The legacy carriers are out
Virgin America would be an attractive target for any of the three big legacy carriers. It operates in desirable markets, with major bases in San Francisco and Los Angeles -- two crowded airports. Virgin America also chases the same valuable high-fare business travelers that the legacy carriers constantly fight over.
However, the U.S. airline industry has become highly concentrated in the past decade due to a round of mergers among the largest airlines in the country. Federal regulators are already very worried about insufficient competition in the industry. As a result, they are unlikely to let the legacy carriers grow any further through mergers.
What about Southwest?
Frank Holmes, the CEO of the world's only airline ETF, opined on Wednesday that Southwest Airlines (NYSE:LUV) could buy Virgin America.
Southwest Airlines is about half the size of the three big legacy carriers, but in the domestic market, the size difference is much smaller. This means that it, too, could run into antitrust issues if it tries to buy Virgin America. However, Southwest would at least have a chance of appeasing regulators through modest divestitures.
A bigger issue is the poor strategic fit between the two companies. Both Southwest and Virgin America utilize single fleet types to reduce costs. However, Southwest uses the Boeing 737 family, whereas Virgin America uses the Airbus A320 family. If it purchased Virgin America, Southwest Airlines would have to replace its entire fleet with 737s, which could be fairly expensive.
Southwest and Virgin America also have different target customers. Virgin America has eight plush first class seats on every airplane, whereas Southwest doesn't even have an extra-legroom section. Virgin America offers all kinds of high-tech bells and whistles, while Southwest's planes still have a somewhat spartan feel.
As a result, if Southwest were to buy Virgin America it would have to replace the latter's planes and it might also have to develop a different customer base. That's hardly a recipe for a successful merger.
JetBlue would be a better merger partner
JetBlue Airways (NASDAQ:JBLU) would be a much more suitable merger partner for Virgin America than Southwest. It is about a third of Southwest's size, so antitrust regulators would be much less likely to object to a JetBlue-Virgin America tie-up. (It also helps that JetBlue is mainly an East Coast airline, while Virgin America is based on the West Coast.)
Furthermore, JetBlue primarily operates A320 family planes, so it would be able to relatively easily integrate Virgin America's fleet into its own. Finally, JetBlue focuses on "high-value geography" where it can attract customers who are willing to pay a modest premium for better service. That's very similar to Virgin America's target market.

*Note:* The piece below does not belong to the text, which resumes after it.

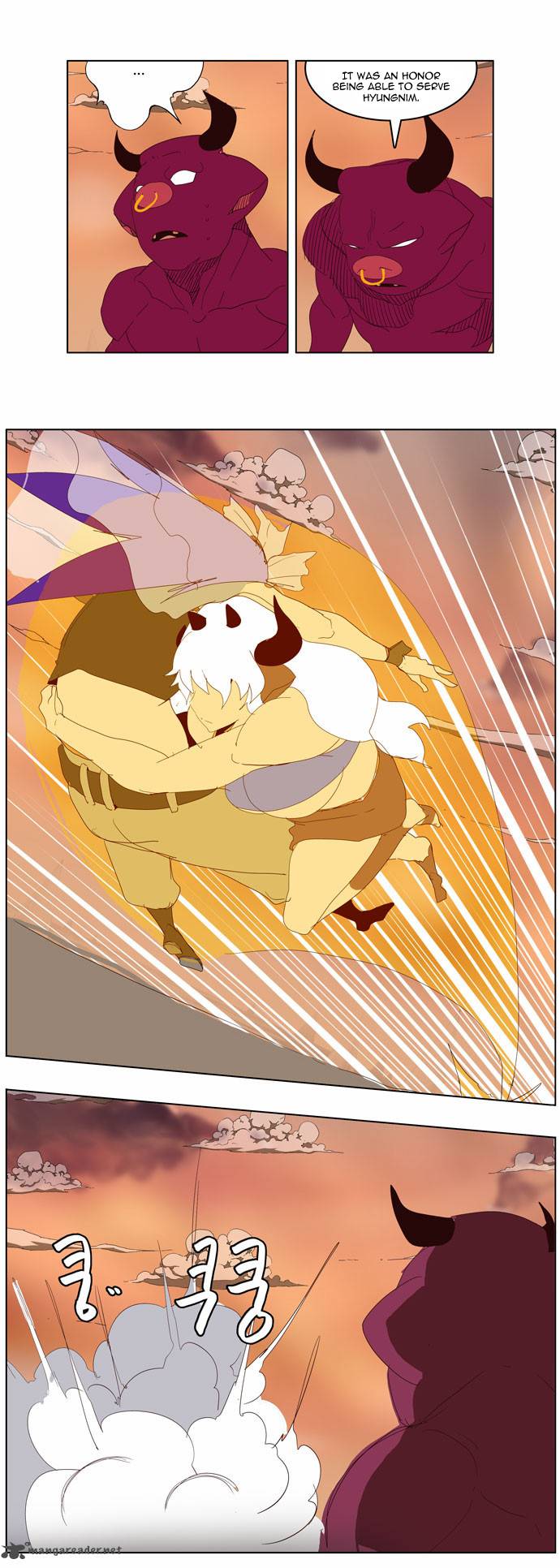 The God of High School Chapter 139 - Page 42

This isn't to say that Virgin America would be a perfect fit at JetBlue. While JetBlue does have extra-legroom seats on every flight, it only has a first class-like section on a handful of routes. Virgin America fans who pay up for the carrier's first class seats might look elsewhere if JetBlue moved to a single-class configuration on other routes.
Nevertheless, the strategic fit between JetBlue and Virgin America is pretty good. A merger would give JetBlue a much stronger West Coast presence while providing Virgin America customers access to a much broader route network, creating significant revenue synergies. The companies would also gain cost synergies from greater scale.
Private equity firms could be interested, too
Virgin America could also be an interesting target for private equity firms. First, the stock is quite cheap -- even after its 13% surge on Wednesday, it trades for a little less than 10 times forward earnings.
Second, Virgin America ended 2015 with $496 million of cash on its balance sheet, or roughly $11 per share. A private equity firm bidding for the company would be able to use some of that cash to cover the purchase price.
Third, Virgin America is likely to generate plenty of free cash flow in the next few years. While the company is buying five new A320 planes this year, it doesn't have any further aircraft purchases scheduled until 2020. (It has agreed to lease 10 planes that will arrive in 2017 and 2018, though.)
As a result, Virgin America could potentially produce $200 million to $300 million in annual free cash flow over the next few years. This would allow a private equity firm to borrow a lot of money to cover the purchase price but then quickly pay down that debt.
Virgin America doesn't need to sell itself. It has a solid stand-alone business plan based on maintaining its premium positioning while gradually growing into new markets. But if it manages to spark a bidding war among potential suitors, Virgin America just might get an offer it can't refuse.